1.7
October 27, 2012

Patience, Grasshopper. Good Things Come to Those Who Wait. ~ Vanessa Finch

Source: google.com via SpdTeacher2Die4 on Pinterest

I could never put into words what yoga is to me or what it has done to heal me.

But, in an effort to give others the chance I had to fix what was broken, I offer you this article as a substitute to that.

Yoga teaches balance, in every sense of the word and in every sense of your being. But it took me oh-so-long to actually get that. As a yoga student, I would approach my mat ready to feel some sense of immediate serenity, the kind I saw on the faces of the most practiced yogis out there, but instead my practice would start and I could do nothing but lose all sense of ego as I flopped out of half moon or wobbled my way into Warrior III.

Yoga is the epitome of grace, but I often feel nothing like that as I sweat and breathe my way through a crookedly imperfect flow.

But that’s just it, isn’t it? Yoga highlights all of your hiccups, the mistakes you hold onto, your ups and downs and then tells you to breathe as it irons it all out and releases it in a poof of an asana. 

After all, it’s the balance, the yin and the yang, the push and the pull, the falling out of poses and the courage to get back up, the breath through fire and the cooling meditation of shavasana to seal it all in that gives yoga its power and slowly works as a salve to all that is bleeding in your entire being. And the most glorious part of it all is that, while your body mends itself and becomes this beautiful, working unit, your soul follows. 

For years, I’ve felt an impending collapse of the haphazard, tee-tottering balance between every push and pull of life. Each day, I pushed the collapse just a little further down the road until I could figure out how to face it straight on and handle it. In part, this precarious balance was due to external pressures of the increasingly stressful demands of school and work, but the pressures were only inflicted insofar as I let them in. And, in an ironic twist of a Newtonian equal-and-opposite-reaction, the more pressure you allow externally, the more pressure that must build up internally to withstand it. You get caught up, you know?

You have these ideals of what your life will be someday but then you snap back to reality and let it take over your rudder and continue steering you towards the smog hanging over modern society’s day-to-day life. You compartmentalize and rationalize over and over and over until you’re sleep-deprived, caffeine-ridden and full of the processed shit that everyone can’t seem to stop gorging themselves on.

Anyway, I did that. Until something somewhere in my body or, as I’d like to believe, in the spirit of life, stopped me cold. Maybe it was my injuries gradually building on themselves from countless, meaningless hours in the gym and on the road or maybe it was the loss of life in the hours spent on what society dictated that I should be doing or maybe it was just time. Doesn’t really matter.

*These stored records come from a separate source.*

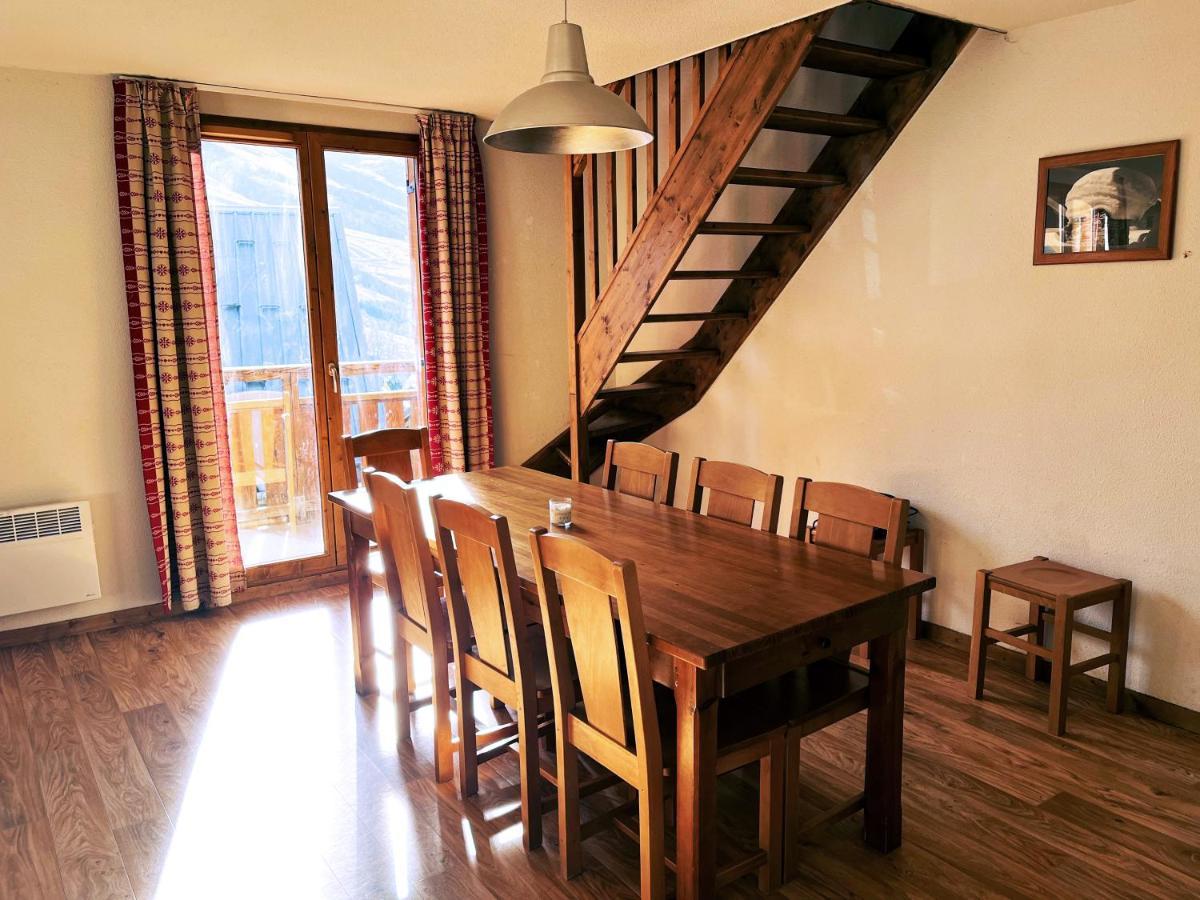 Vvf Residence Albiez-Montrond Maurienne ภายนอก รูปภาพ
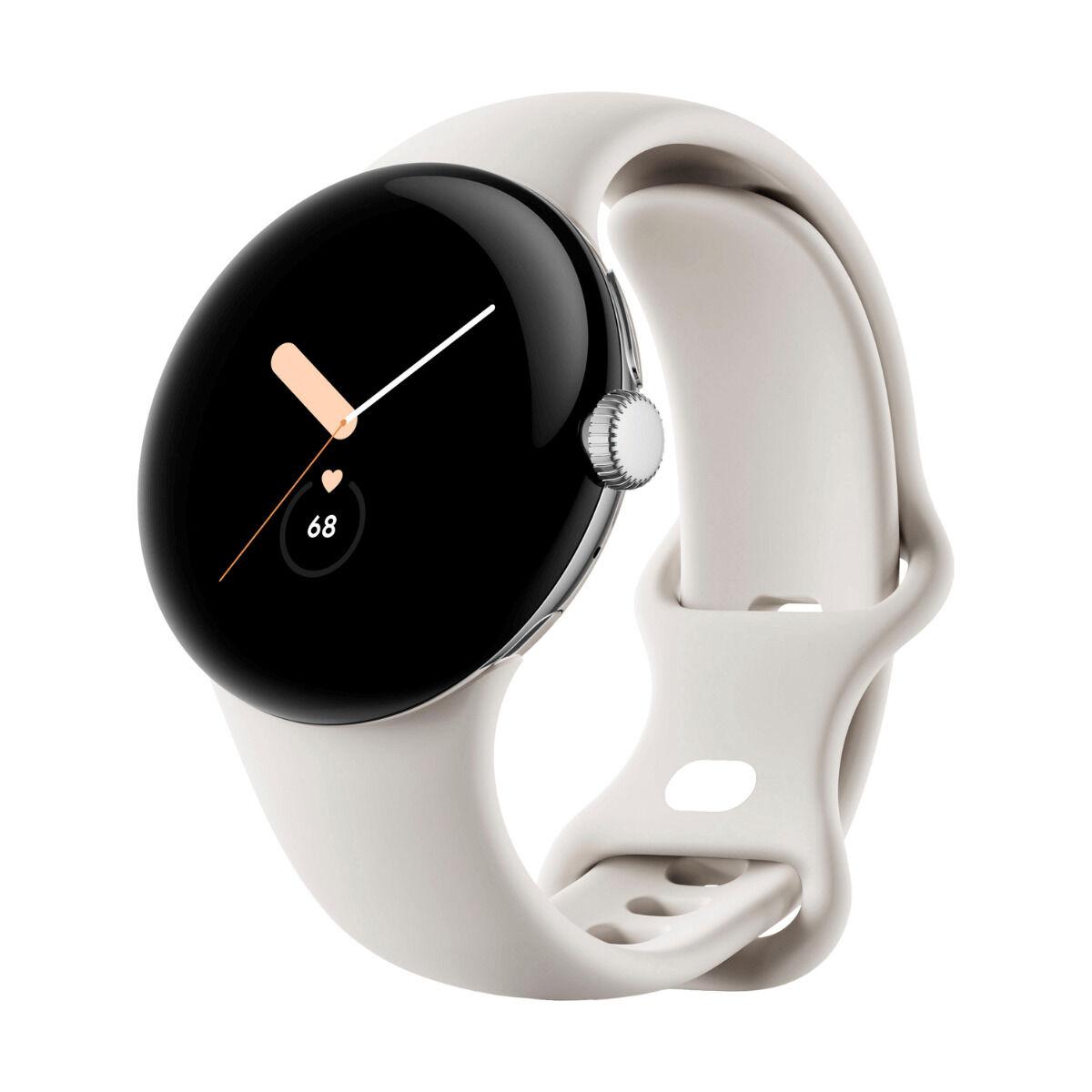 Smartwatch Google 7762996 Plateado 1,6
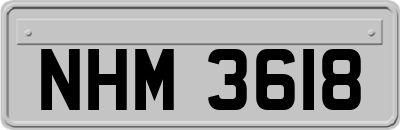NHM3618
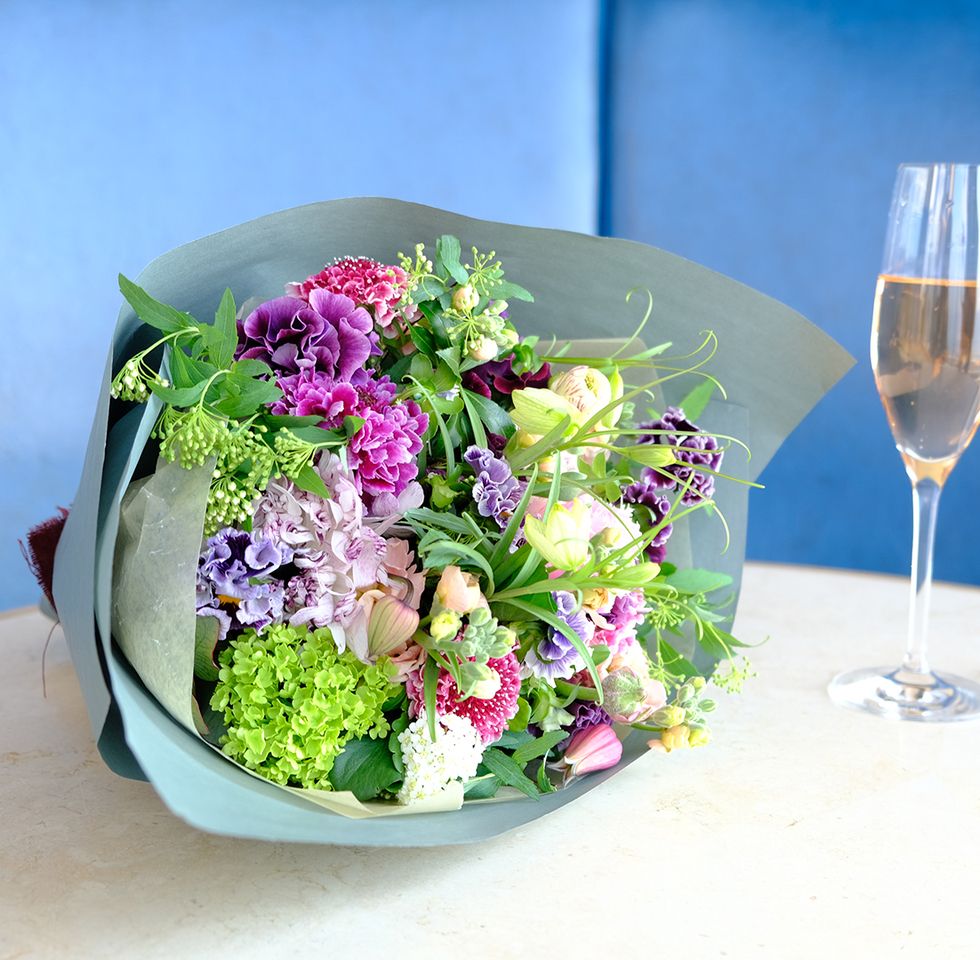 季节性花束 S 码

I lost all incentive and motivation to be the picture of what I thought I should be and I found a yoga mat instead. Or rather, my sister gifted me one, my ever-present North Star through a new journey of self-awareness (yes, that sentence is purposely vague—both the mat and my sister ground and guide me daily, hourly, even by the second).

I practiced yoga and couldn’t stop. I could feel its power coursing through me every time I stepped onto the mat and every time I stepped off of it, leaving behind so much more than the visible sweat. I learned to love my body. To love my soul. To love who I was becoming. And, beyond it all, to treasure every moment I spent upside-down, supporting myself in some pose that I never thought I could do.

Gradually, the mistakes became mantras and I felt alive from my yogi toes to my awakening core. My mat turned into my playground. Sometimes, I would surprise myself and work into some unbelievable inversion inevitably named after a timelessly graceful creature, grasshopper. I began to understand that here, on this mat, was my grace. Where else can you feel such raw, unadulterated (pun intended) happiness and joy?

Granted, once you step off the mat, it may come whooshing back down like a suffocating blanket. But I have this little place that I hold onto, this rectangular-shaped, jade, tree-colored mat where my sanctuary will always be. And just in knowing that, it helps.

So therein lies my yin. I hope it helps you find yours. Namaste and may you find peace through your practice.

 

Vanessa Finch is an environmental attorney in Kansas City, and finds her stress relief on a yoga mat in the early morning hours before work. She first found yoga while studying abroad in Australia and has practiced ever since.